What you will do
Transcribe, starting at the line with "[New] 《JamsCollection着用》コスプレ リリパレ" and ending at the line with "Conjunto de 10", every line of the material below exactly, but leave out the pictures and anything outside that span.

Data for review
::::::::::

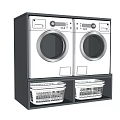 Bathroom Cabinet Rack With Two Washing Machines And Laundry Baskets Below 3d model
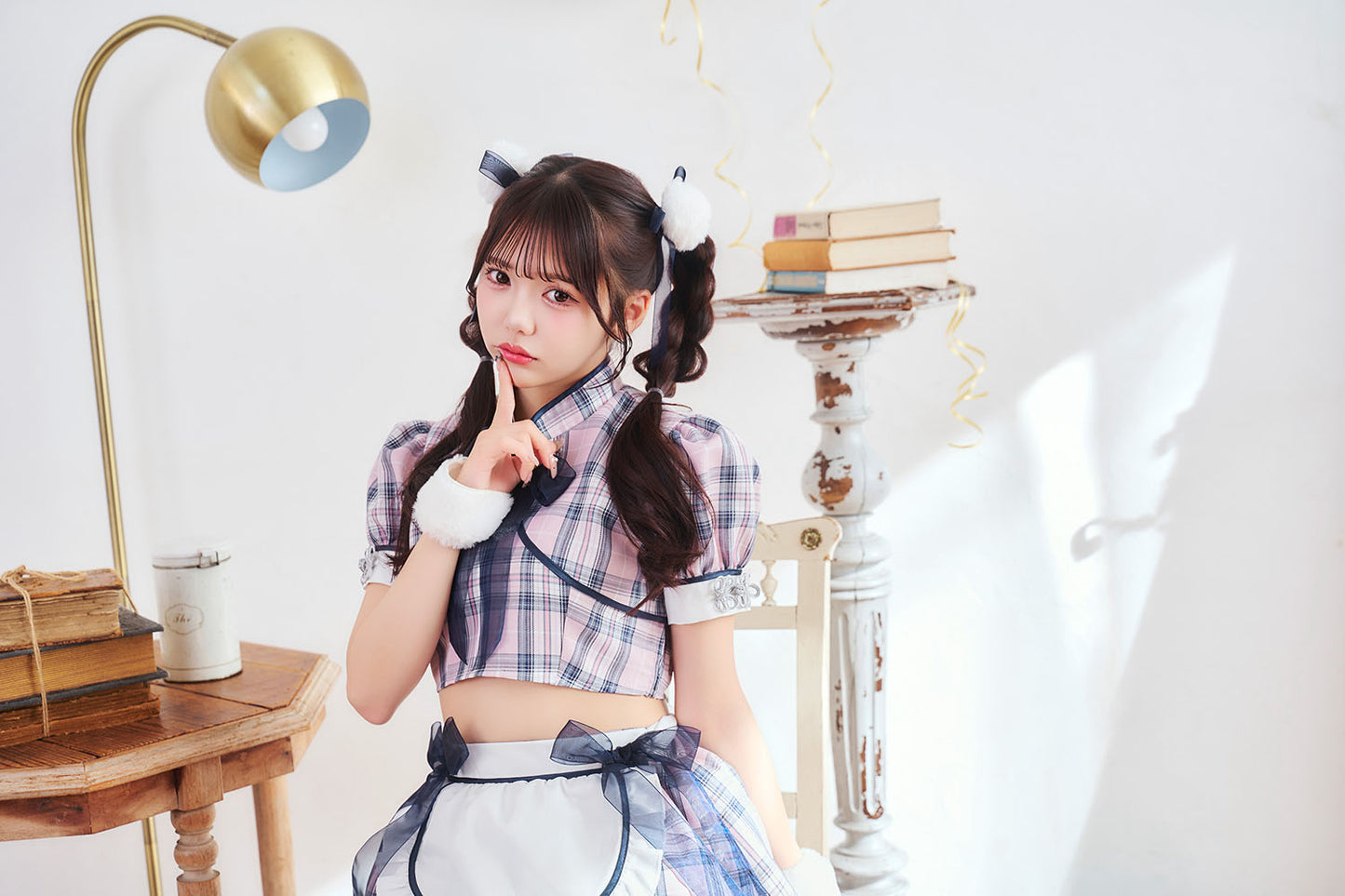 [New] 《JamsCollection着用》コスプレ リリパレ リボンチャイナメイド レディース フリーサイズ ピンク【クリアストーン】♡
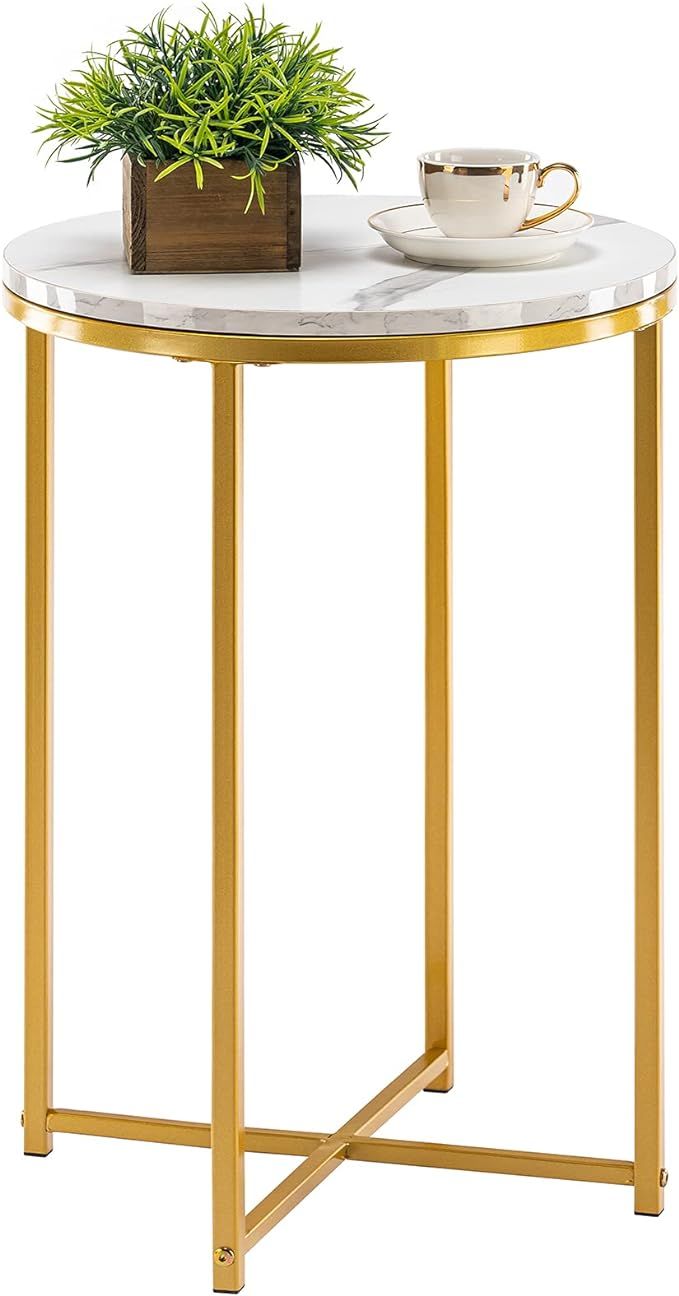 TECHMILLY Round End Table, Faux Marble Sofa Table, Accent Side Table with Metal Frame, Modern Gol... | Amazon (US)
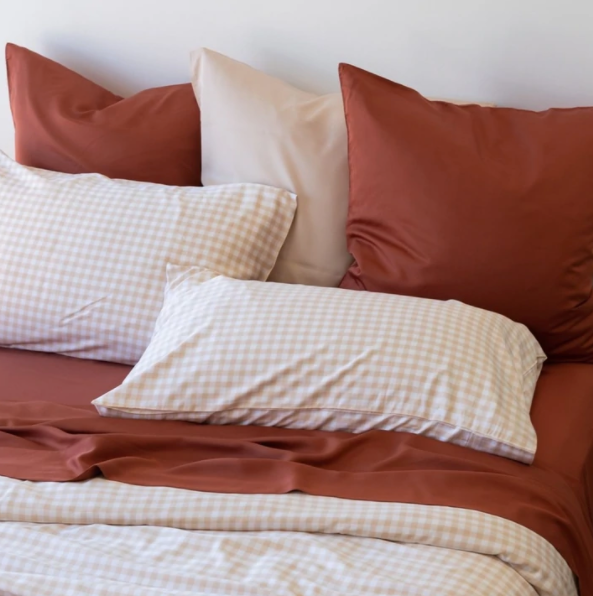 Bamboo Fitted Sheet + 2 Pillowslips - Clay - Mulberry Threads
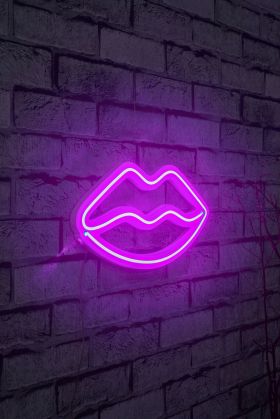 Decoratiune luminoasa LED, Lips, Benzi flexibile de neon, DC 12 V, Roz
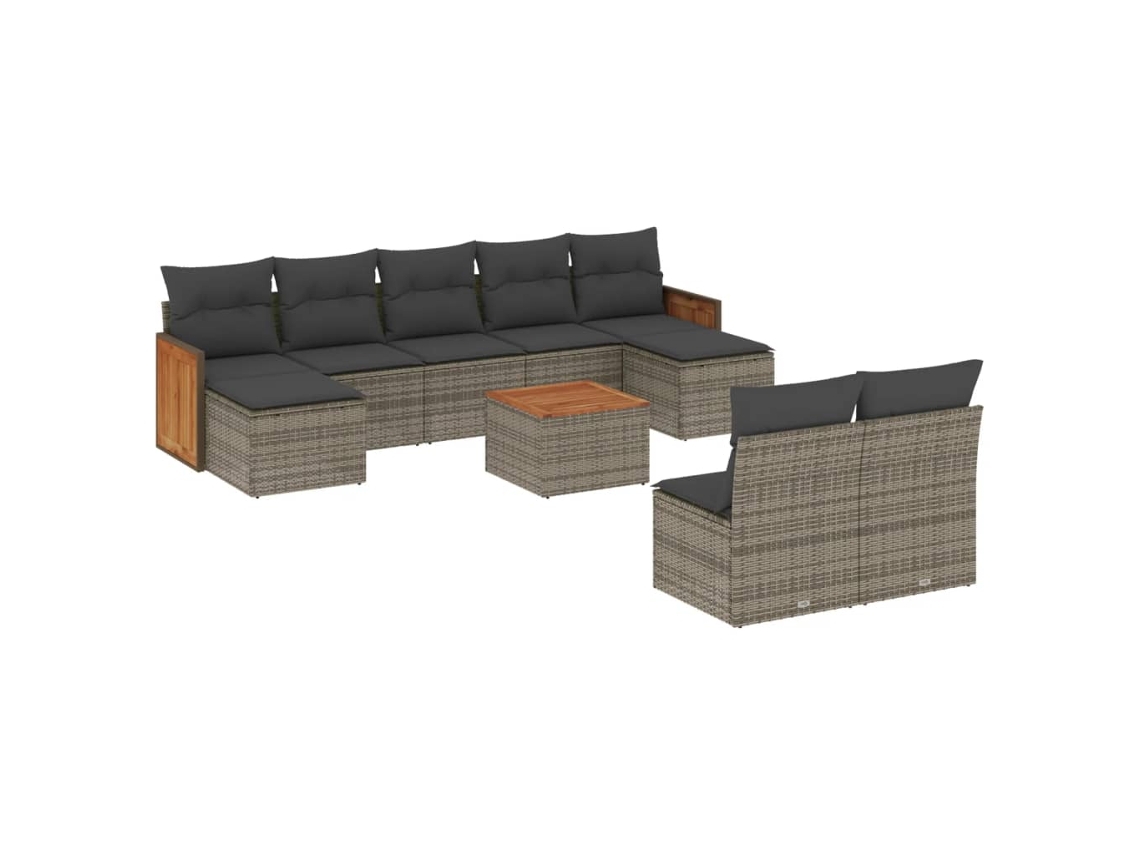 Conjunto de 10 Sofás de Jardim com Almofadões Vime Pe Cinzento MAISON EXCLUSIVE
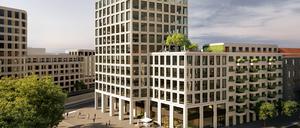 Eine Simulation eines geplanten Büro- und Wohngebäudes am Adenauerplatz in Berlin-Charlottenburg. 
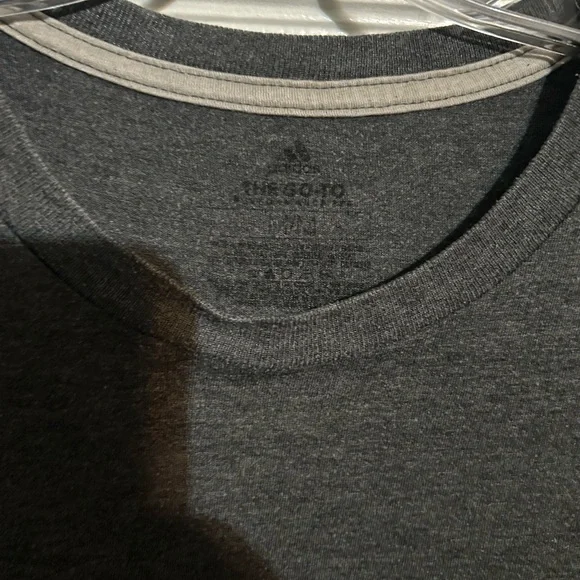 Adidas Men's Dark Gray Tee with Green Logo‎ - Picture 2 of 3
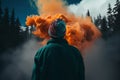 Man orange smoke. Generate Ai Royalty Free Stock Photo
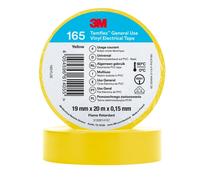3M Temflex 165 Ruban isolant électrique en vinyle, jaune, 19 mm x 20 m, 0,15 mm x100 morceau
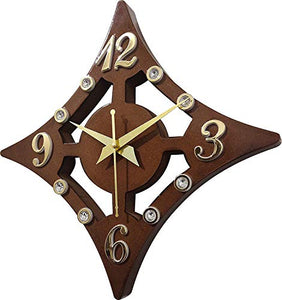 Smart Art Wood Carving Wood Wall Clock (30 x 2.5 x 30 inch, Brown) - Home Decor Lo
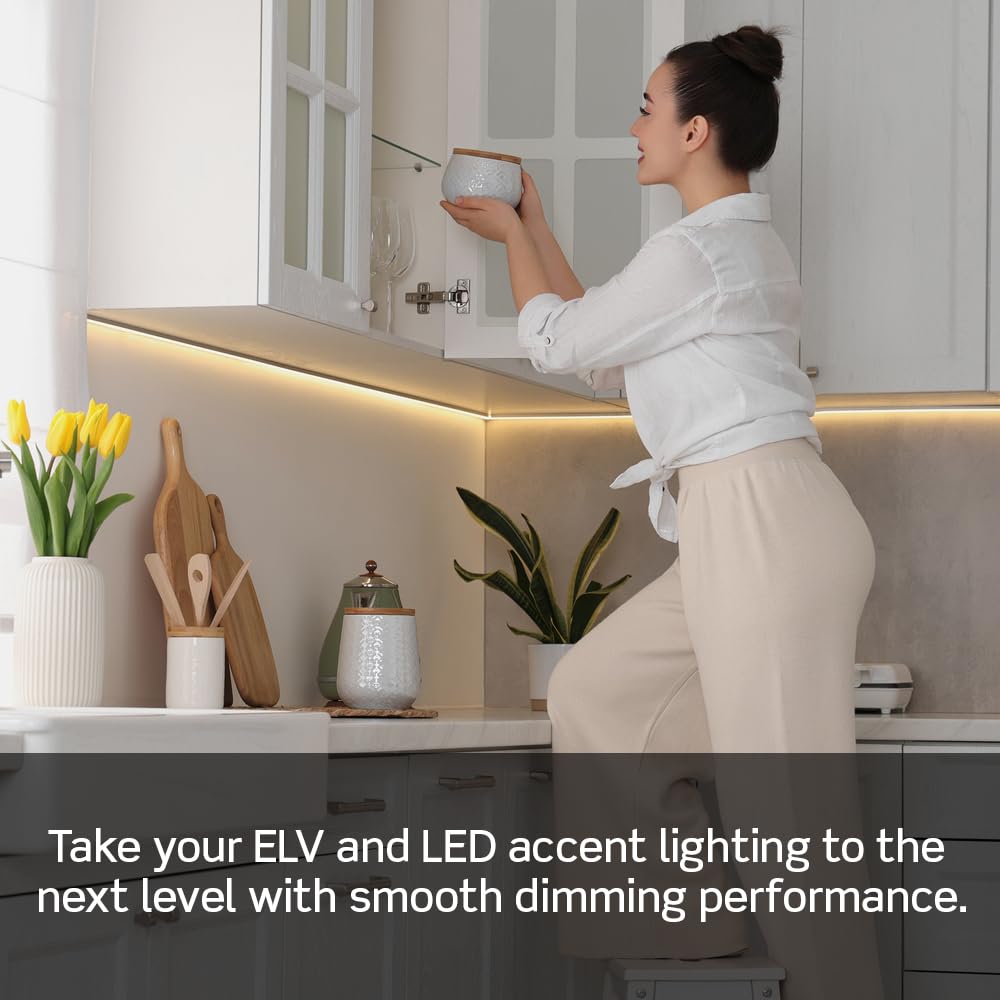 Leviton Decora Smart Dimmer Switch, ELV/LED, Wi-Fi, D2ELV-1BW, White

::::::::::

Response to this task
 [New] 《JamsCollection着用》コスプレ リリパレ リボンチャイナメイド レディース フリーサイズ ピンク【クリアストーン】♡
 TECHMILLY Round End Table, Faux Marble Sofa Table, Accent Side Table with Metal Frame, Modern Gol... | Amazon (US)
 Bamboo Fitted Sheet + 2 Pillowslips - Clay - Mulberry Threads
 Decoratiune luminoasa LED, Lips, Benzi flexibile de neon, DC 12 V, Roz
 Conjunto de 10 Sofás de Jardim com Almofadões Vime Pe Cinzento MAISON EXCLUSIVE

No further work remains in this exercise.